No Brasil, no setor de plásticos, determinar quando ocorre o greenwashing é uma tarefa complexa, porque, por aqui, não há uma lei que proíba a venda de plásticos oxidegradáveis, aqueles que não têm nenhum tratamento especial e são um grande vilão ambiental. O que acontece é que, de forma geral, as indústrias utilizam como parâmetros certificações internacionais, como a Organização Internacional de Padronização (ISO) e a Sociedade Americana de Testes e Materiais (ASTM). Só que essas próprias organizações dizem que essas certificações não servem como parâmetro porque as avaliações são feitas sob condições controladas de laboratório, não nas condições reais do meio ambiente. Diante desse quadro, a especialista do Idec explica porque é tão difícil apontar greenwashing no caso dos utensílios de plástico de uso único: “As empresas dizem: ‘existe essa certificação e ela diz que meu produto é biodegradável.
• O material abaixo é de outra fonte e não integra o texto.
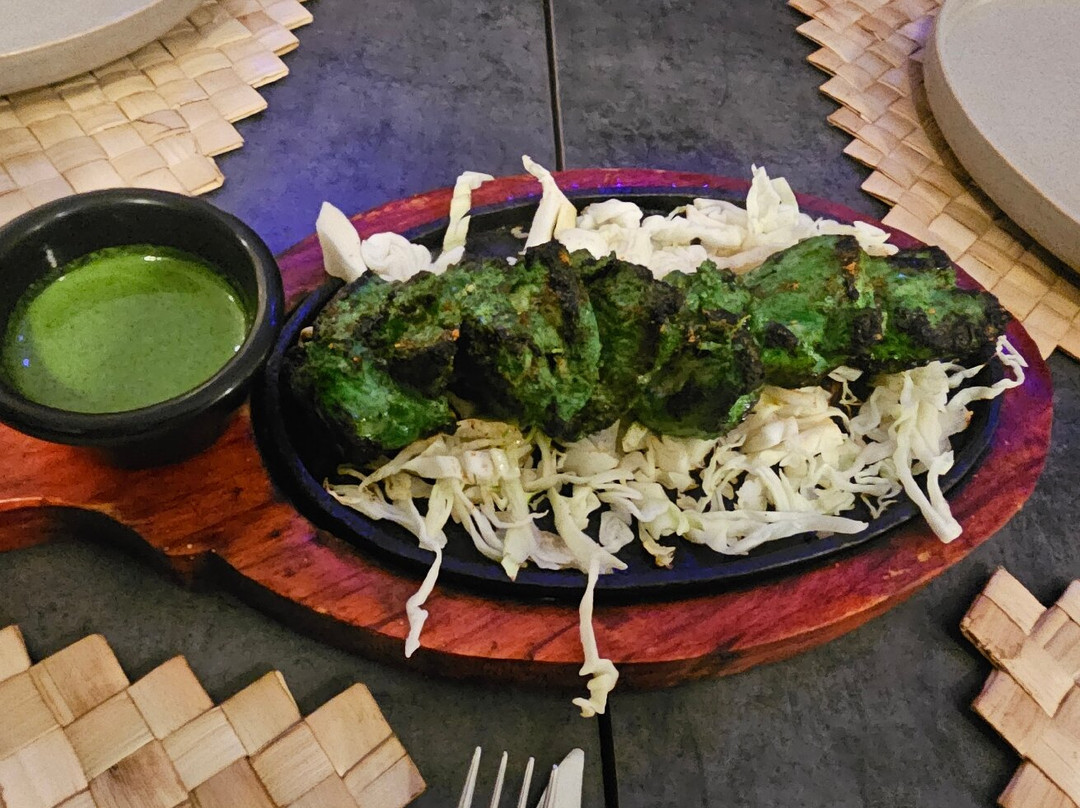 Momos Tavern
Então, eu estou resguardado por isso’”.

Procuramos a Associação Brasileira da Indústria do Plástico (Abiplast) que, por meio de nota, informou que não apoia a utilização de aditivos oxidegradantes em produtos plásticos e afirmou que é fundamental ressaltar que, por exemplo, a fabricação de embalagens alimentícias para acondicionar alimentos ou bebidas possuem regulações e normas específicas publicadas pela Agência Nacional de Vigilância Sanitária (Anvisa) e pela Associação Brasileira de Normas Técnicas (ABNT), as quais devem ser seguidas pelas empresas do setor.

IDEC EM AÇÃO

O Idec está trabalhando pela proibição dos plásticos oxidegradáveis no Brasil. Na prática, isso se dá pelo apoio ao Projeto de Lei (PL) nº 2.524/2022, em tramitação no Congresso Nacional.

Numa outra linha de frente, o Instituto direciona esforços para a luta contra o greenwashing. A meta é se concentrar em legislações e possibilidades de combate a essa prática. “Além disso, estamos avaliando a elaboração de uma norma técnica pelo órgão regulatório competente, que ateste a biodegradabilidade de plásticos de uso único considerando as condições naturais reais”, informa Dias. E finaliza: “Nós, do Idec, vamos seguir firmes nessa luta. Ainda que não seja uma batalha fácil, estamos estudando os melhores caminhos para propor soluções. É pelo consumidor e contra as crises climática, de poluição e de biodiversidade”.